* Task:
Word for word, print each record, dropping any image it holds.

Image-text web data
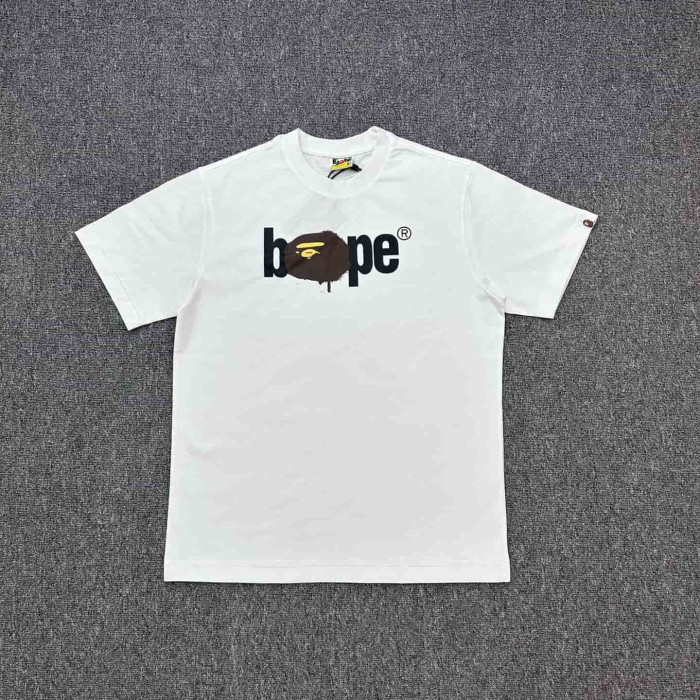 1:1 quality version Paint Drip Oblate Ape Head Print Tee 2 colors 29345559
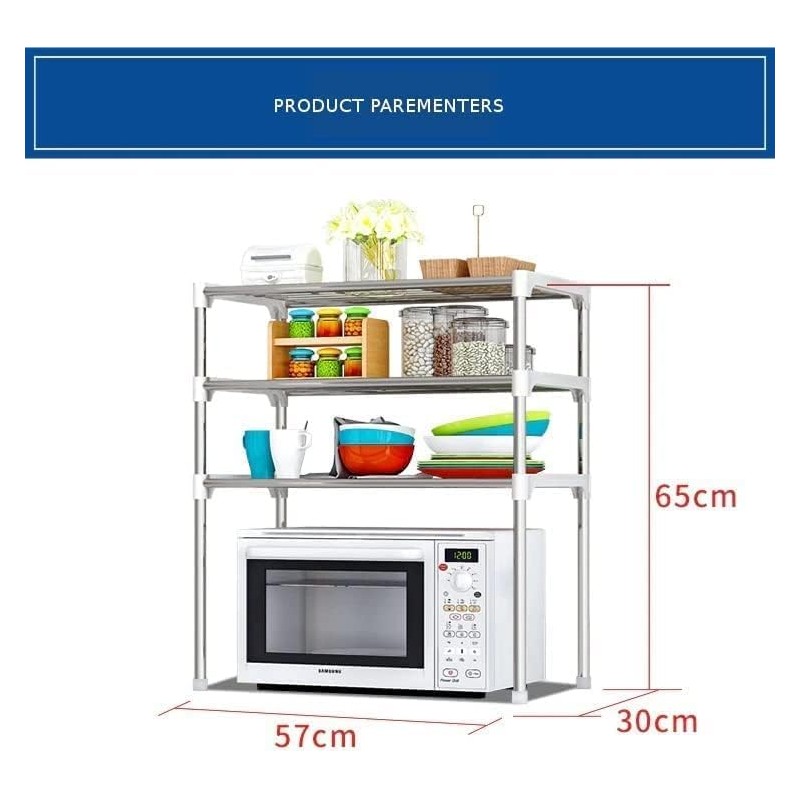 3 طبقات رف الميكروويف رف المطبخ رف التوابل منظم المطبخ رف تخزين المطبخ، رف منظم الحمام، رف منظم الكتب، رف منظم الاحذية، فضي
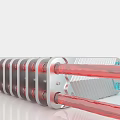 Silver Heat Sink With Red And Blue Tubes And Finned Surface Design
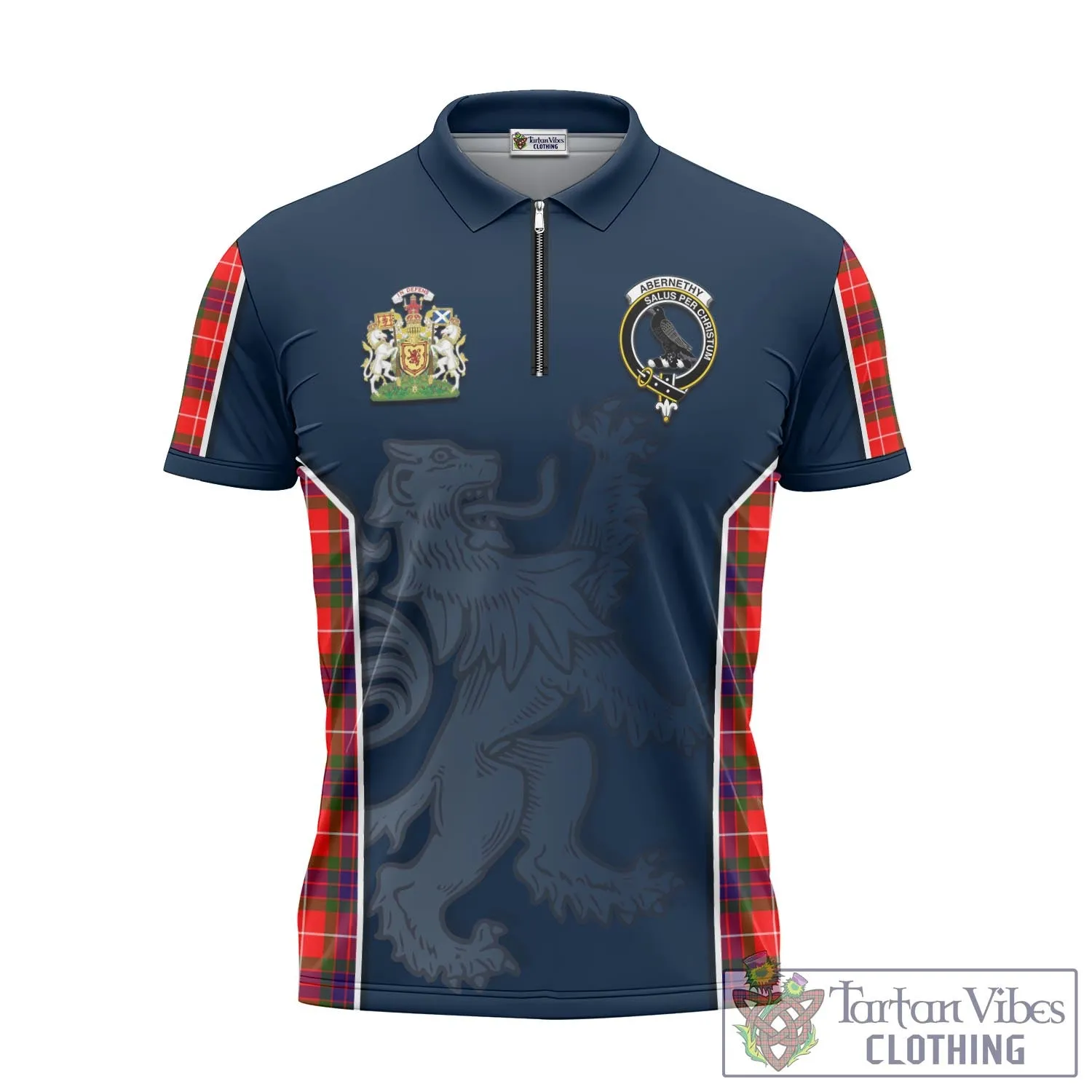 Abernethy Tartan Zipper Polo Shirt with Family Crest and Lion Rampant Vibes Sport Style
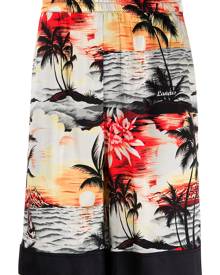 Laneus hawaian print track shorts - Orange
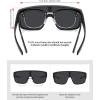 image:imageMEETSUN Oversized Fit Over Glasses Polarized Sunglasses for Men Trendy Flat Top Shades for Driving Fishing UV ProtectionMatte Black FrameGrey Lens
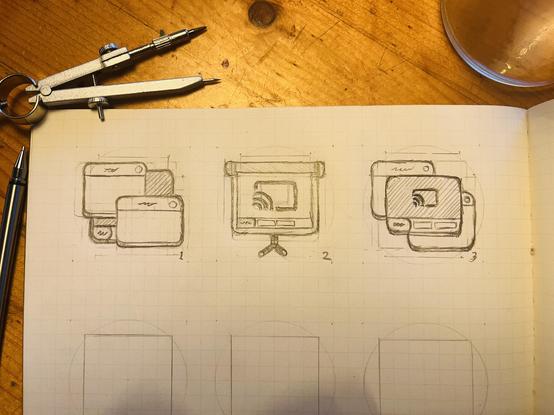Closeup of a notebook with grid paper on a wooden table showing 3 pencil icon sketches: 

1. Two floating windows popping out of a classic desktop interface.

2. A projector screen with tripod displaying a classic desktop interface and a "screen share" symbol

3. Two floating windows behind a classic desktop interface showing a the "screen share" symbol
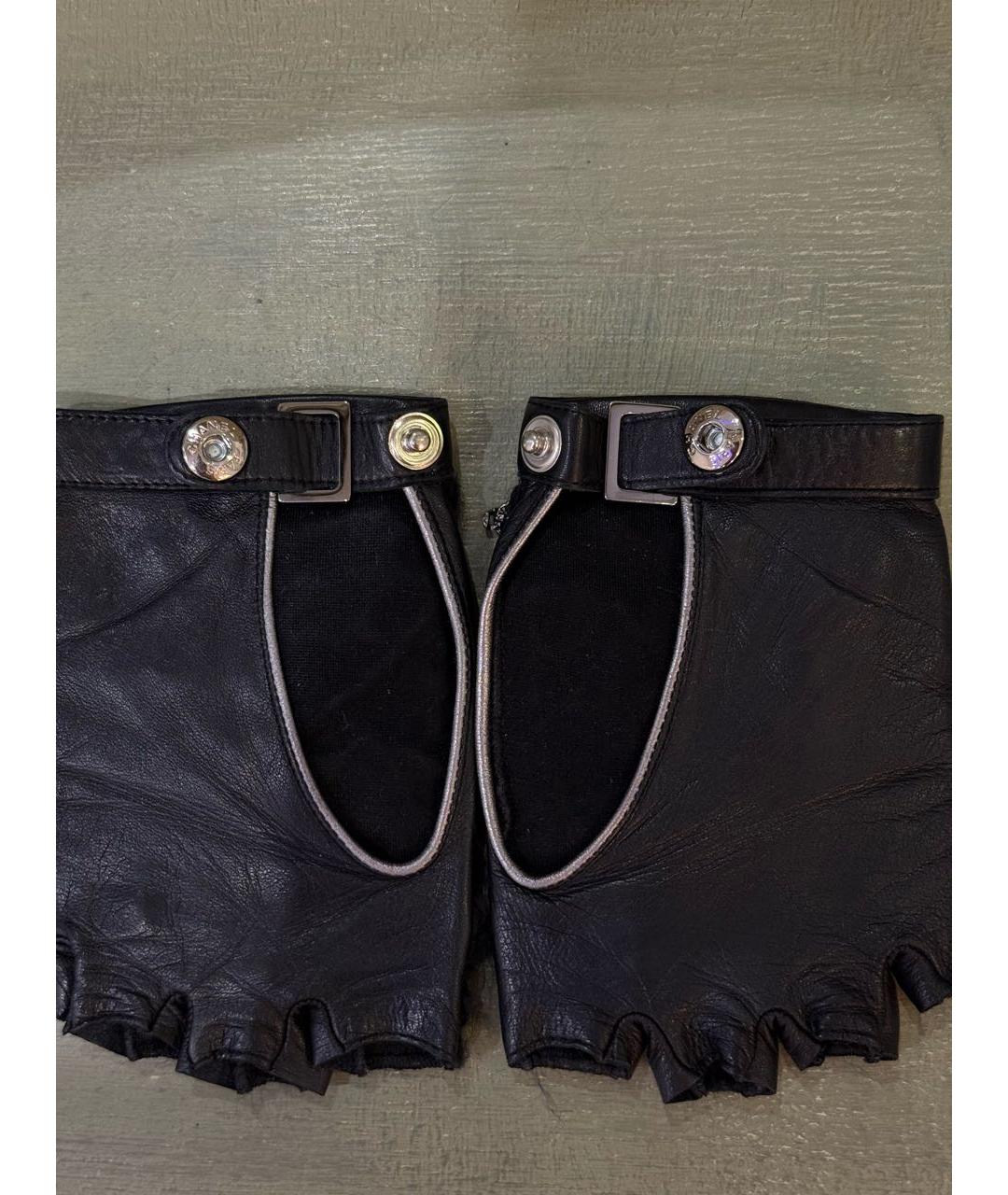 CHANEL Черные кожаные митенки, фото 4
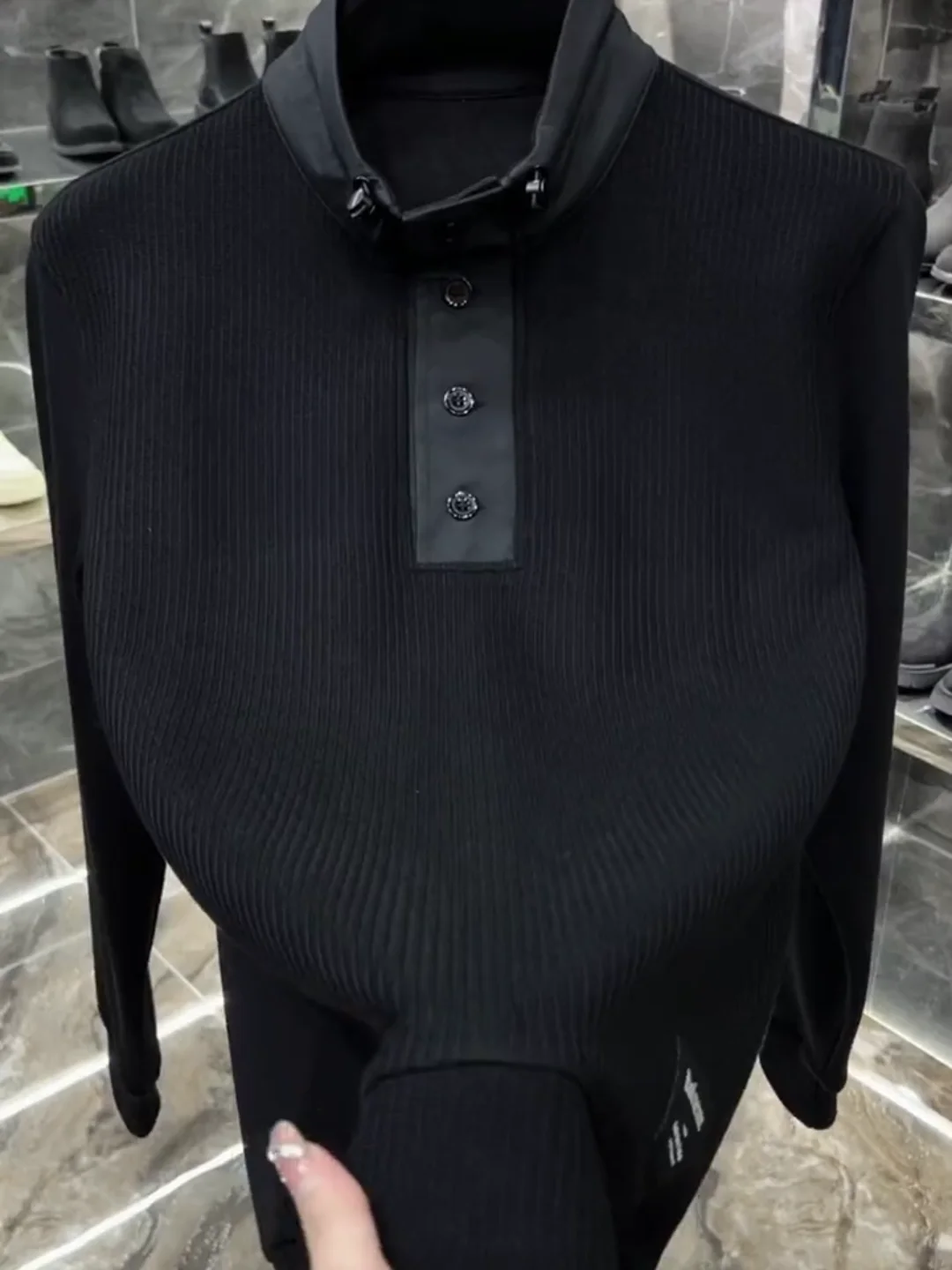 

Men's Casual Faionable Stand Collar T-irt Hoodie Autumn Winter New Arrival Versatile Comfortable Busin Sle Long Sve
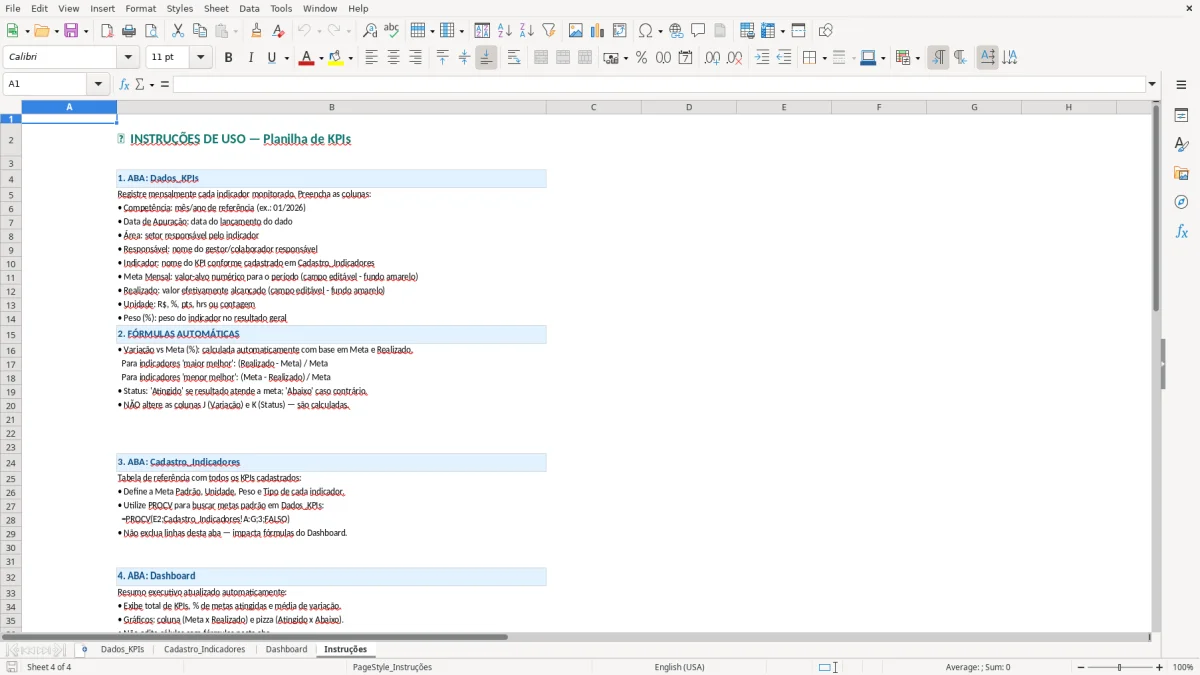 Captura de tela 4: Aba Instruções - Planilha Excel planilha de indicadores de desempenho excel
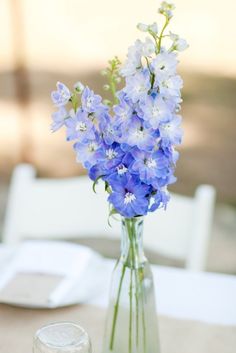 blue flowers in a glass vase on a table with plates and napkins around it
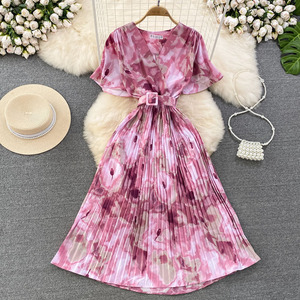 Ym919 Đầm xếp li eo thon thắt lưng ngắn tay in họa tiết nhuộm Cà Vạt 2025 sang trọng Hàn Quốc Đầm nữ - Product Image 5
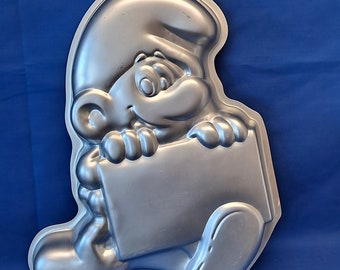Vintage 1983 Wilton SMURF Cake PAN Baking Mold 502-4033 Aluminum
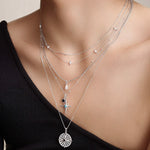 Silver Beaded Chain Necklace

* Written response:
 1:1 quality version Paint Drip Oblate Ape Head Print Tee 2 colors 29345559
 3 طبقات رف الميكروويف رف المطبخ رف التوابل منظم المطبخ رف تخزين المطبخ، رف منظم الحمام، رف منظم الكتب، رف منظم الاحذية، فضي
 Silver Heat Sink With Red And Blue Tubes And Finned Surface Design
 Abernethy Tartan Zipper Polo Shirt with Family Crest and Lion Rampant Vibes Sport Style
 Laneus hawaian print track shorts - Orange
 image:imageMEETSUN Oversized Fit Over Glasses Polarized Sunglasses for Men Trendy Flat Top Shades for Driving Fishing UV ProtectionMatte Black FrameGrey Lens
Closeup of a notebook with grid paper on a wooden table showing 3 pencil icon sketches: 

1. Two floating windows popping out of a classic desktop interface.

2. A projector screen with tripod displaying a classic desktop interface and a "screen share" symbol

3. Two floating windows behind a classic desktop interface showing a the "screen share" symbol
 CHANEL Черные кожаные митенки, фото 4

Men's Casual Faionable Stand Collar T-irt Hoodie Autumn Winter New Arrival Versatile Comfortable Busin Sle Long Sve
 Captura de tela 4: Aba Instruções - Planilha Excel planilha de indicadores de desempenho excel
 blue flowers in a glass vase on a table with plates and napkins around it
 Ym919 Đầm xếp li eo thon thắt lưng ngắn tay in họa tiết nhuộm Cà Vạt 2025 sang trọng Hàn Quốc Đầm nữ - Product Image 5
Vintage 1983 Wilton SMURF Cake PAN Baking Mold 502-4033 Aluminum
 Silver Beaded Chain Necklace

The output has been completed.